Probability that all of some k colors of balls are contained in k/2 buckets I'd appreciate some help on the below problem.
Let's say you have $d$ each of $n$ colors of otherwise identical balls, and $m$ buckets. You cannot put more than one ball of the same color in any single bucket. All of the balls are distributed randomly and $\frac{1}{2}n<m<n$.
What's the probability that some set of $k$ colors are contained wholly in fewer than $k/2$ buckets, for any $k\in\mathbb{Z}^{+}$?
A nontrivial upper bound would be acceptable.
Thank you!
Edit: Just to clarify, $k$ isn't fixed. I'm asking about the probability that there is a $k$ such that the above condition is satisfied.
 A: To begin, let’s calculate the probability for a fixed $k$.
Since we have $k$ colors, we know we have our $k*d$ balls in (at most) $k/2$ bins. Let’s fix the $k$ colors and $k/2$ bins we’re considering, and handle combinations later.
For each color, the probability that all $d$ balls are in these fixed $k/2$ bins is
$$\frac{k/2}{m}*\frac{k/2-1}{m-1} * \dots * \frac{k/2-d+1}{m-d+1} $$
$$=\frac{(k/2)!/(k/2-d)!}{m!/(m-d)!}$$
Which we know since the $i$th ball to be placed has $m-(i-1)$ bins that it can be placed in total, and $(k/2)-(i-1)$ of those are in our set of $k/2$ and don’t already have a ball.

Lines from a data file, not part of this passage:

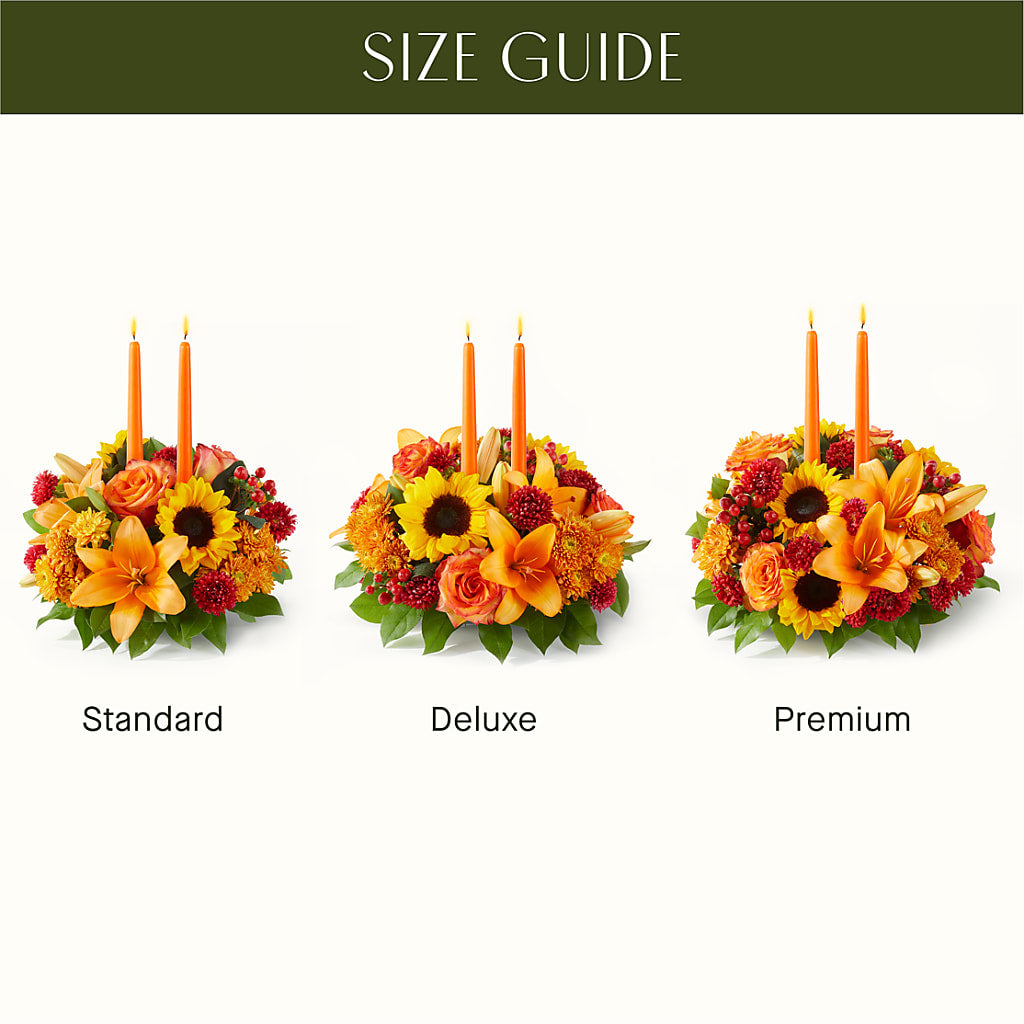 Grateful Centerpiece – Noor Florist Llc, Lake Villa IL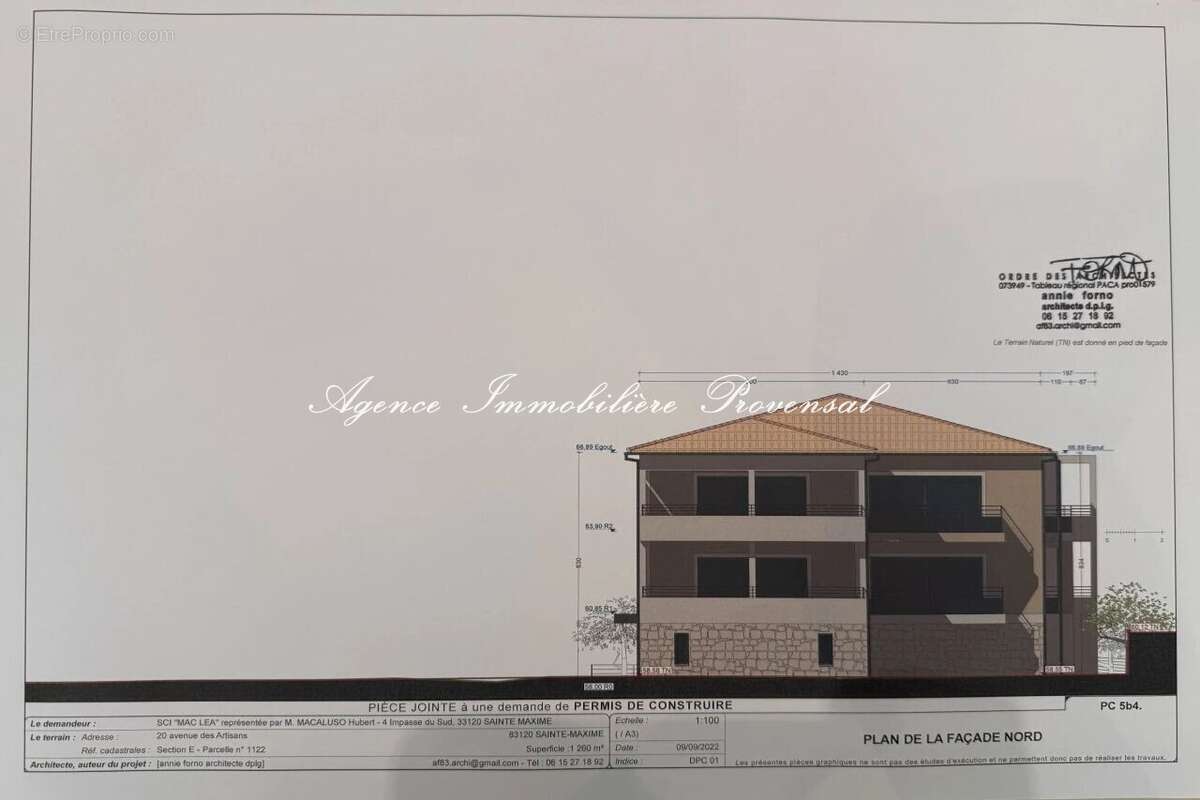 Terrain à SAINTE-MAXIME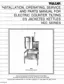 Preview: Installation, Operating, Service And Parts Manual
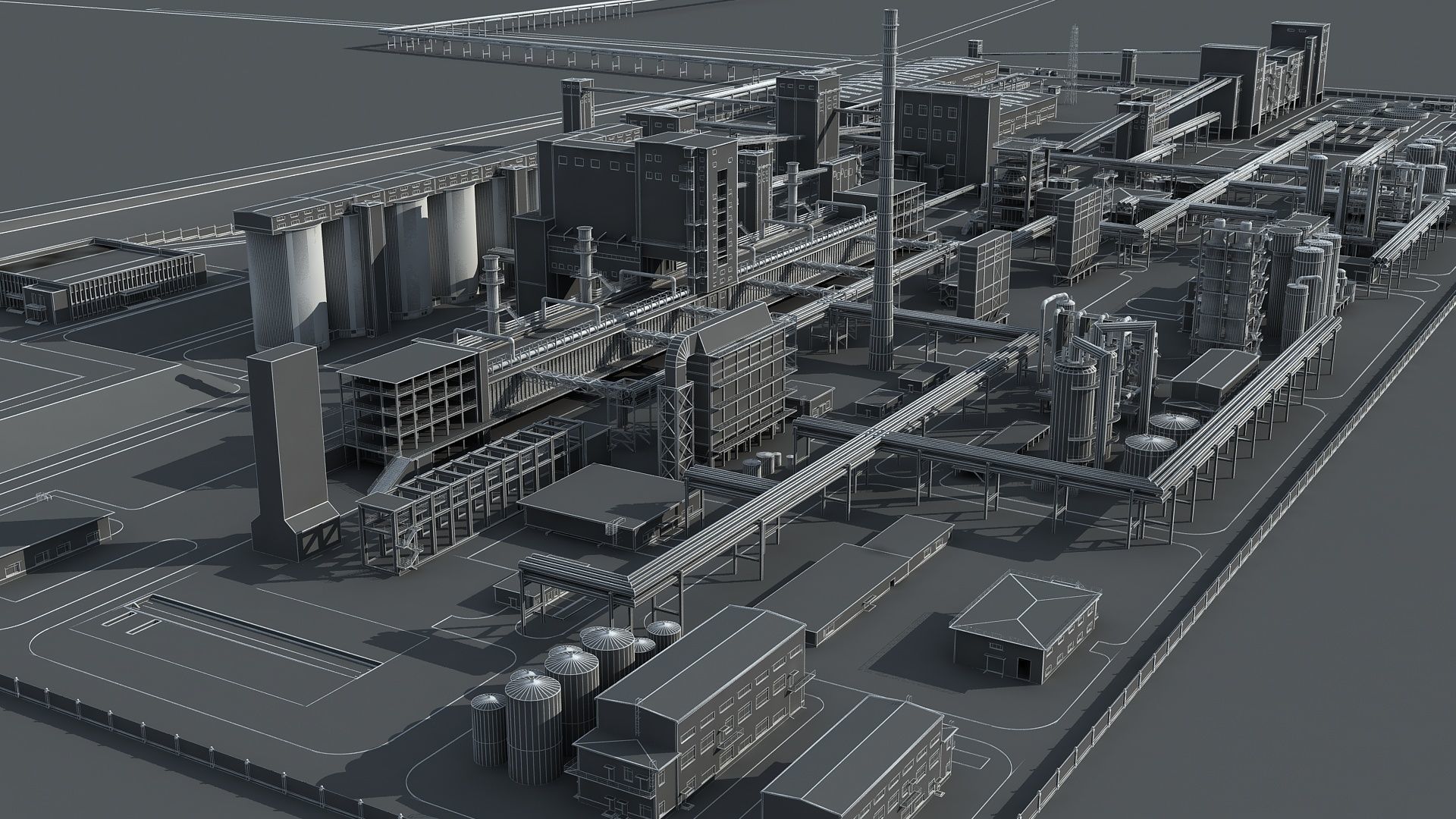 Factory 1 3D model_18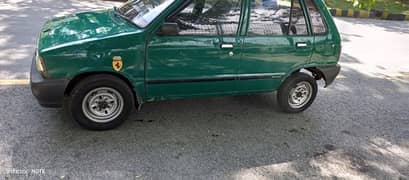 Suzuki Mehran VX 1997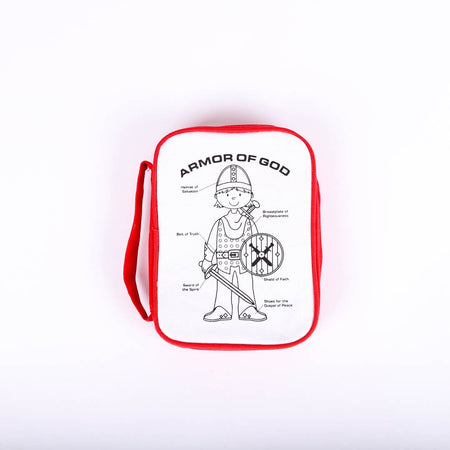 BIBLE COVER CANVAS WASHABLE ARMOR OF GOD S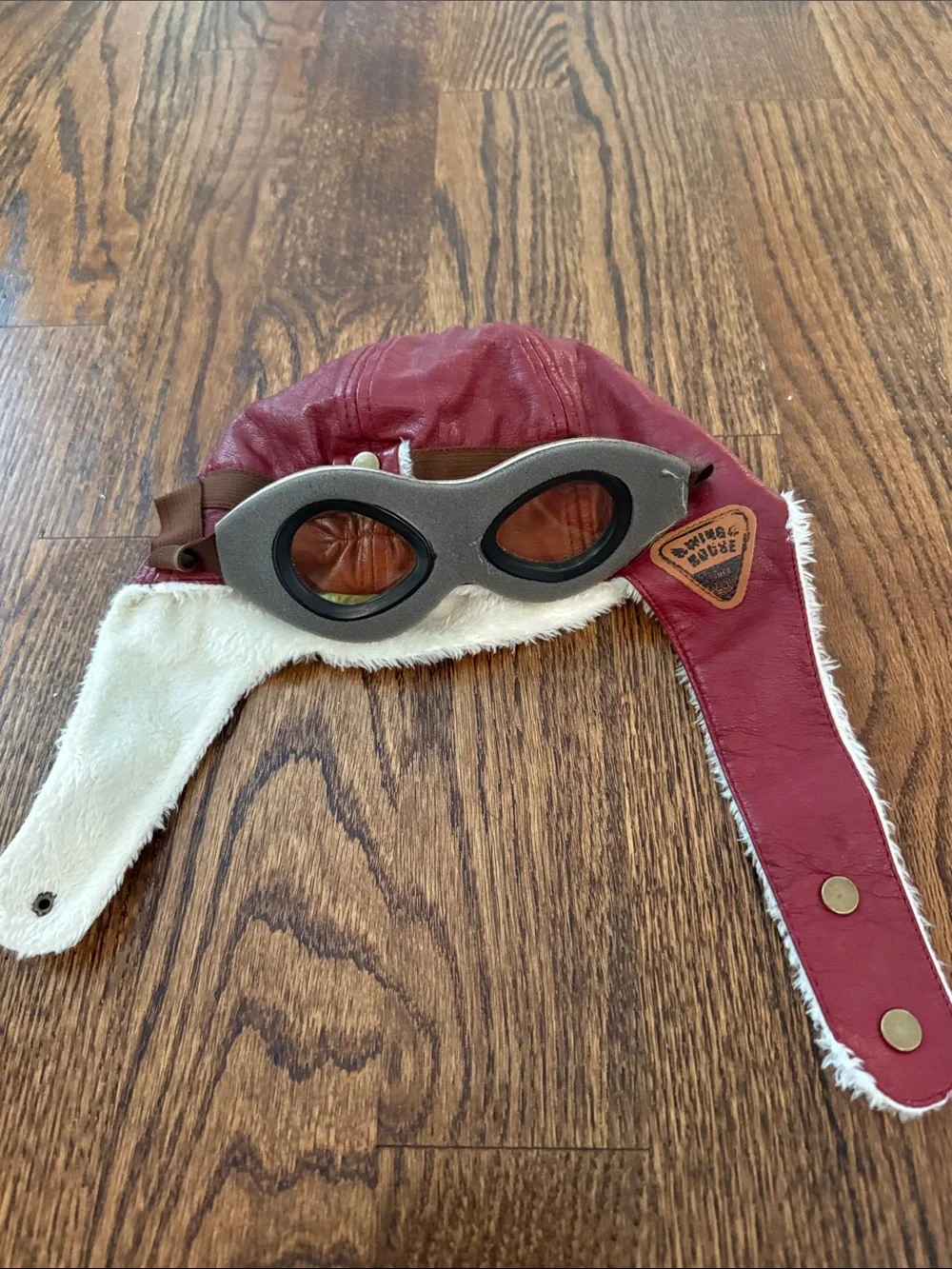 Girls size youth medium Amelia Earhart costume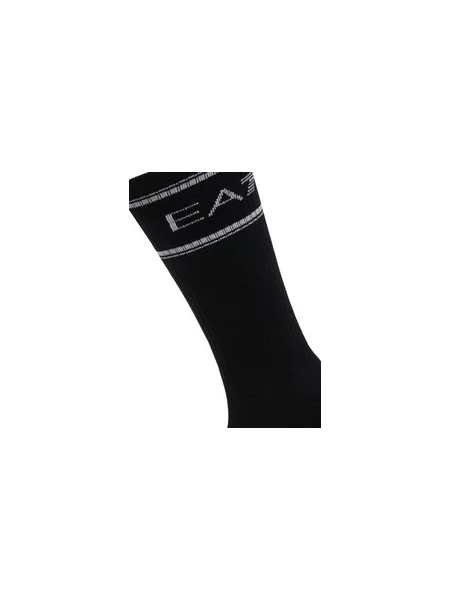 Emporio Armani Dolge nogavice črna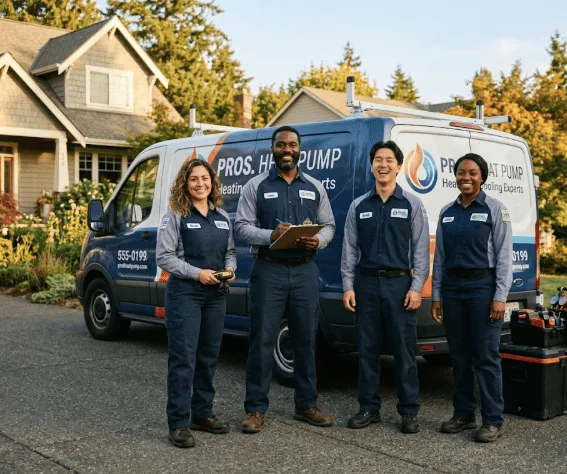 Heat Pump Installation company in Howe, ID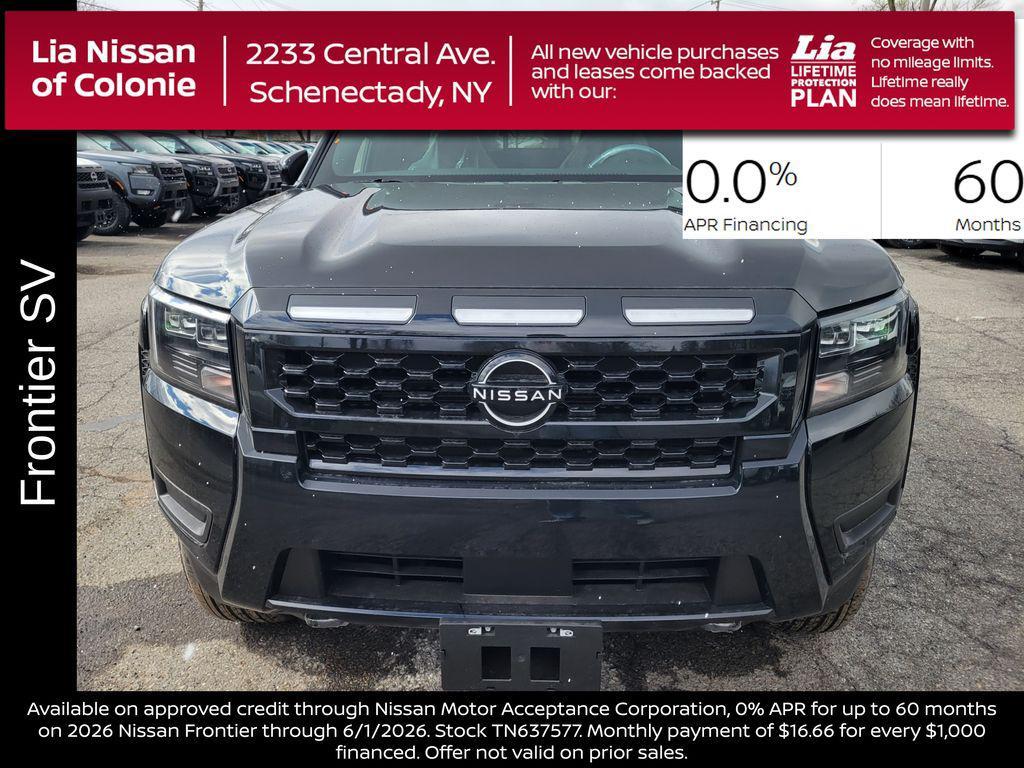 new 2026 Nissan Frontier car, priced at $39,935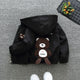 Baby bear coat black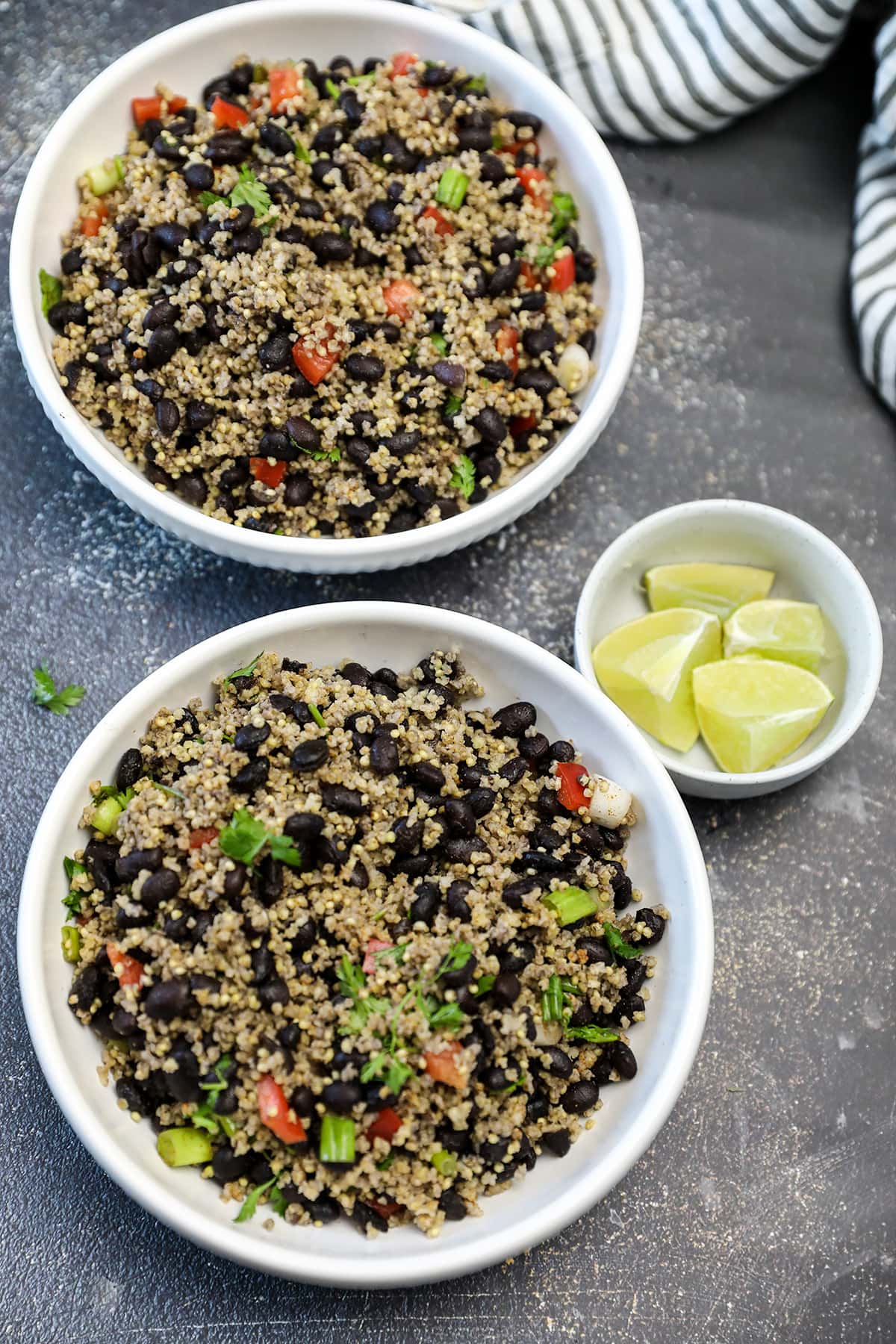 Black Bean and Millet Salad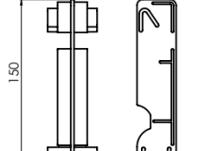 Łącznik odbojnicy STRONG - 2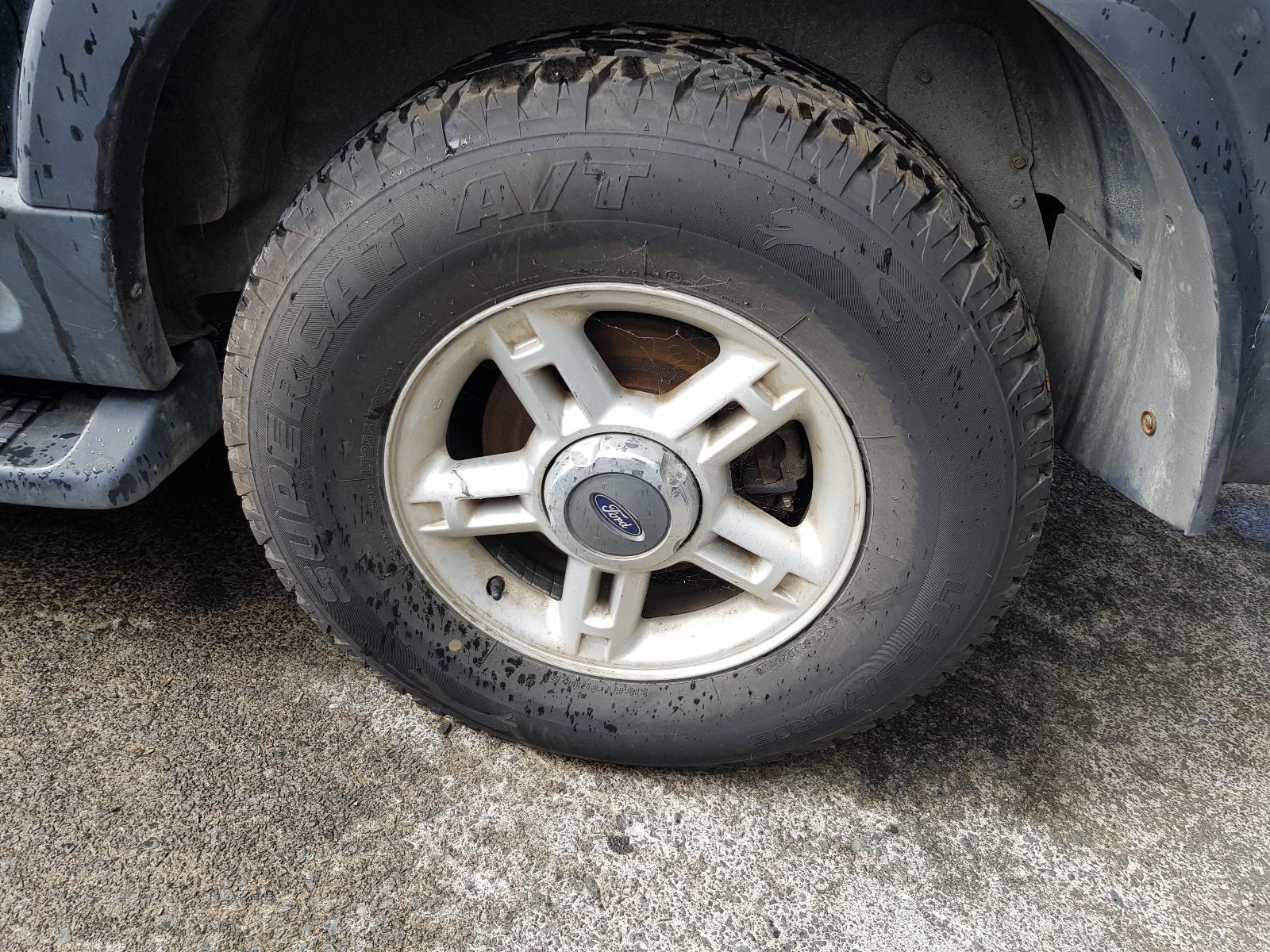 Ford Explorer - UT 2001-2005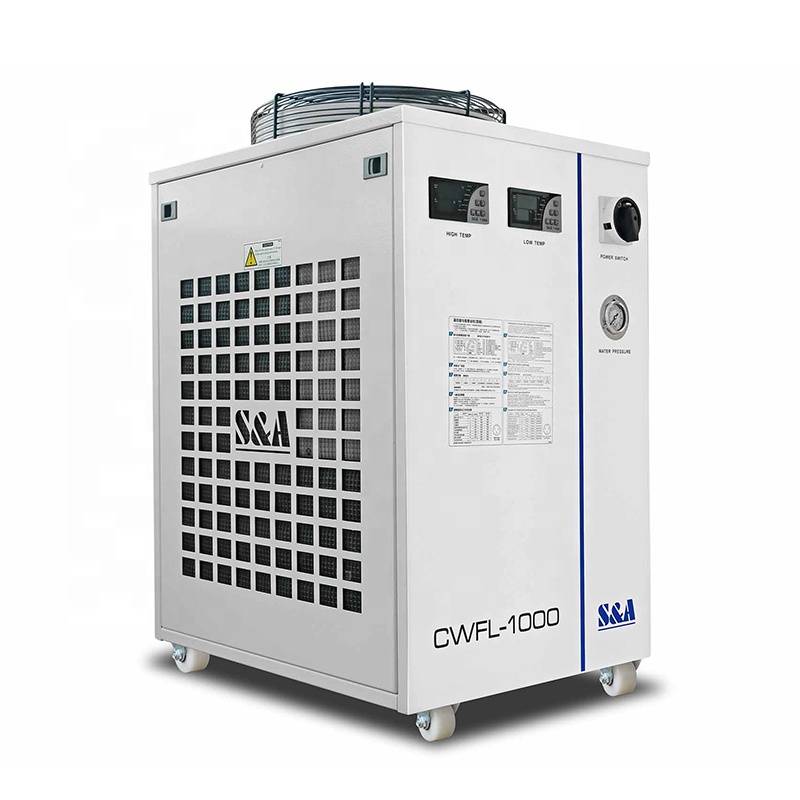 Enfriador de Agua S&A CWFL-100 - Fiber Laser Cutting Machine reseña y precio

Since there are $k$ colors, and they’re independent, the probability that all colors are like this is simply
$$P(\text{fixed k colors in fixed k/2 bins}) = (\frac{(k/2)!/(k/2-d)!}{m!/(m-d)!})^k$$
Now, since we can have this happen for any $k$ colors (out of $n$ many) and any $k-2$ bins (out of $m$ many), we simply multiply by the number of combinations to get:
$$P(\text{any k colors in any k/2 bins}) = \binom{n}{k} * \binom{m}{k/2} * (\frac{(k/2)!/(k/2-d)!}{m!/(m-d)!})^k$$
Now, if this probability was independent for each unique $k$, we could sum these probabilities to get the probability that this is true for any $k$. However, I’m not convinced they are independent, and don’t know how to prove they are even if I did, so instead we can just take the sum of the possibilities as an upper bound:
$$P(\text{any such } k) \leq $$
$$\sum_{k=2d}^{n} \binom{n}{k} * \binom{m}{k/2} * (\frac{(k/2)!/(k/2-d)!}{m!/(m-d)!})^k$$
Also, I will note that this doesn’t handle rounding issues related to $k$ being odd, nor the strict inequality, as I thought it would over-clutter the equations. You can throw a floor function around $k/2$ for odd $k$ and a $k/2-1$ for even k if that distinction is important.
This is my first time posting, so apologies for any formatting errors or general mistakes!